• **EXERCISE INPUT**

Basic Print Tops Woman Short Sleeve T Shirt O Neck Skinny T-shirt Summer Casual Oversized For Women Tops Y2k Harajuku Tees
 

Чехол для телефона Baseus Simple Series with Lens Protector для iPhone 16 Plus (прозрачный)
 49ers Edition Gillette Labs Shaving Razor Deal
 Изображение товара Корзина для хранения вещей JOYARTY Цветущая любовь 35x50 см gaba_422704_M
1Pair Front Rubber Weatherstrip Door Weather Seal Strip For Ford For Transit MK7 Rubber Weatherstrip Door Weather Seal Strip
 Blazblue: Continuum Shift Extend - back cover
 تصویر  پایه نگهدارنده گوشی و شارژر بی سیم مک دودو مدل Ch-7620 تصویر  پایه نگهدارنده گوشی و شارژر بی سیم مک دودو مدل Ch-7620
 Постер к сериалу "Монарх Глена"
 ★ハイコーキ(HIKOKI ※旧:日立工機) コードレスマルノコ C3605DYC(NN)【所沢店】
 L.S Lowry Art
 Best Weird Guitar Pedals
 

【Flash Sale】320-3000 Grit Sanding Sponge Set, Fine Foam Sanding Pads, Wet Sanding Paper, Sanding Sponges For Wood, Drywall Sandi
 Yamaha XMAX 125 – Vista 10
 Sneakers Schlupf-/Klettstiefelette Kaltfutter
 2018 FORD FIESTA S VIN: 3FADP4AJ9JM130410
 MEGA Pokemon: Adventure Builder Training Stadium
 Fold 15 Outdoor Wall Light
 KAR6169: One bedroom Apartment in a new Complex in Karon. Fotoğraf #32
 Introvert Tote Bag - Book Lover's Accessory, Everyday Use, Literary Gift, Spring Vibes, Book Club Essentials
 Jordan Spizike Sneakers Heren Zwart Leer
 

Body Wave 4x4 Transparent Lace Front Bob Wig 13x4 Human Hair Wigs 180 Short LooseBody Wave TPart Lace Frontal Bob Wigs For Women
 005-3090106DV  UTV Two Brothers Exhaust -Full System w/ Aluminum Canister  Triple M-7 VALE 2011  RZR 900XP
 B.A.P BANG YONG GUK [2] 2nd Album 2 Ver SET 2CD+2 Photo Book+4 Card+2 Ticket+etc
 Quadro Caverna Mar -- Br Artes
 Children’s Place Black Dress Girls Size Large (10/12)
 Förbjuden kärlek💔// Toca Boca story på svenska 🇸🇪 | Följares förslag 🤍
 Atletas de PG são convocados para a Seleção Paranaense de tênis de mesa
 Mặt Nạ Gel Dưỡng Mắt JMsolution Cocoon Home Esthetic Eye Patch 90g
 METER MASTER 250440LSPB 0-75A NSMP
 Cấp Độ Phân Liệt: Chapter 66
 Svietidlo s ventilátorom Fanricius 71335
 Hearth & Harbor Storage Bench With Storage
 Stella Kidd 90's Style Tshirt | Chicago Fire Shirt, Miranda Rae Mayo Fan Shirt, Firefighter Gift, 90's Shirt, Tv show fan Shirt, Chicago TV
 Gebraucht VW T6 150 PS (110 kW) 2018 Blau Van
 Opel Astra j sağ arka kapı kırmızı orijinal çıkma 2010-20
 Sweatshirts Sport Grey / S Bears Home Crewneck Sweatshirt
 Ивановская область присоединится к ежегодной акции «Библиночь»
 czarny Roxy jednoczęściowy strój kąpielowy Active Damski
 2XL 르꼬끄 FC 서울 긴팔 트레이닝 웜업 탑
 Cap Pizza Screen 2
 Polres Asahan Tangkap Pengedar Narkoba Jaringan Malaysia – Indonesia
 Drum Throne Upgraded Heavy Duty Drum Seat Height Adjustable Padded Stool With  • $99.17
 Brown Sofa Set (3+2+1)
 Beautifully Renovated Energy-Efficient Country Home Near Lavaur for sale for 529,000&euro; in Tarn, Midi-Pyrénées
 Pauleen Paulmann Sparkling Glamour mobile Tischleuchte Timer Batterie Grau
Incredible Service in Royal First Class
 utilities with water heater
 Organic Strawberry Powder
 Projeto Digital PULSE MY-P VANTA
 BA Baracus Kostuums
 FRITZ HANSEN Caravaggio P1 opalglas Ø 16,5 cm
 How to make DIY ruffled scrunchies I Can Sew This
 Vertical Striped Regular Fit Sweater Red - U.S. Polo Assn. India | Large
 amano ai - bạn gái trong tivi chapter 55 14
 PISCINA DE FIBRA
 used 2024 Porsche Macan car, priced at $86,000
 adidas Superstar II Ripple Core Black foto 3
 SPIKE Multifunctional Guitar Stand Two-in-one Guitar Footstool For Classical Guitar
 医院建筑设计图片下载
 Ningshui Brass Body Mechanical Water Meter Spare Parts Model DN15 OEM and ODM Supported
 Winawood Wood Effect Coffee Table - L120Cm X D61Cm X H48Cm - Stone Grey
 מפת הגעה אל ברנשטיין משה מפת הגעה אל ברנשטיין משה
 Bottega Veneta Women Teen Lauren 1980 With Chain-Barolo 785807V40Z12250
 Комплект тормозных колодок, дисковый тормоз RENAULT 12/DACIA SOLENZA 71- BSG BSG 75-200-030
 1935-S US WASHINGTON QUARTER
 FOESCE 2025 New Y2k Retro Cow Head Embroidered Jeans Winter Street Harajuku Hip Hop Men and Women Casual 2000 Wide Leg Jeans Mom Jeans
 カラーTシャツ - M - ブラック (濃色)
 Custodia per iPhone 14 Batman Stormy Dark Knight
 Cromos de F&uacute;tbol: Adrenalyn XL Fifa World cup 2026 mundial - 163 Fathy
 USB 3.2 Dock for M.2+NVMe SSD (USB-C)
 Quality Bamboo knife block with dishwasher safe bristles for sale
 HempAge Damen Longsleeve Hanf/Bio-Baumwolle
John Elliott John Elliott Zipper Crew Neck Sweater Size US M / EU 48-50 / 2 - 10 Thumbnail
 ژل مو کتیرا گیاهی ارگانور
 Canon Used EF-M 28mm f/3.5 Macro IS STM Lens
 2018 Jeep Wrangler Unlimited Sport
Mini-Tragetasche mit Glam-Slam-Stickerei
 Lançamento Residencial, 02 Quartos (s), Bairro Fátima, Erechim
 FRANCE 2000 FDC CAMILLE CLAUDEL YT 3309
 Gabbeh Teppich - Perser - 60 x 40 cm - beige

• **TASK BRIEF**
Return exactly, please, the lines of the material from the first one down to and including the line where "UTV Two Brothers" appears.

• **ANSWER TO THE PROBLEM**
Basic Print Tops Woman Short Sleeve T Shirt O Neck Skinny T-shirt Summer Casual Oversized For Women Tops Y2k Harajuku Tees
 

Чехол для телефона Baseus Simple Series with Lens Protector для iPhone 16 Plus (прозрачный)
 49ers Edition Gillette Labs Shaving Razor Deal
 Изображение товара Корзина для хранения вещей JOYARTY Цветущая любовь 35x50 см gaba_422704_M
1Pair Front Rubber Weatherstrip Door Weather Seal Strip For Ford For Transit MK7 Rubber Weatherstrip Door Weather Seal Strip
 Blazblue: Continuum Shift Extend - back cover
 تصویر  پایه نگهدارنده گوشی و شارژر بی سیم مک دودو مدل Ch-7620 تصویر  پایه نگهدارنده گوشی و شارژر بی سیم مک دودو مدل Ch-7620
 Постер к сериалу "Монарх Глена"
 ★ハイコーキ(HIKOKI ※旧:日立工機) コードレスマルノコ C3605DYC(NN)【所沢店】
 L.S Lowry Art
 Best Weird Guitar Pedals
 

【Flash Sale】320-3000 Grit Sanding Sponge Set, Fine Foam Sanding Pads, Wet Sanding Paper, Sanding Sponges For Wood, Drywall Sandi
 Yamaha XMAX 125 – Vista 10
 Sneakers Schlupf-/Klettstiefelette Kaltfutter
 2018 FORD FIESTA S VIN: 3FADP4AJ9JM130410
 MEGA Pokemon: Adventure Builder Training Stadium
 Fold 15 Outdoor Wall Light
 KAR6169: One bedroom Apartment in a new Complex in Karon. Fotoğraf #32
 Introvert Tote Bag - Book Lover's Accessory, Everyday Use, Literary Gift, Spring Vibes, Book Club Essentials
 Jordan Spizike Sneakers Heren Zwart Leer
 

Body Wave 4x4 Transparent Lace Front Bob Wig 13x4 Human Hair Wigs 180 Short LooseBody Wave TPart Lace Frontal Bob Wigs For Women
 005-3090106DV  UTV Two Brothers Exhaust -Full System w/ Aluminum Canister  Triple M-7 VALE 2011  RZR 900XP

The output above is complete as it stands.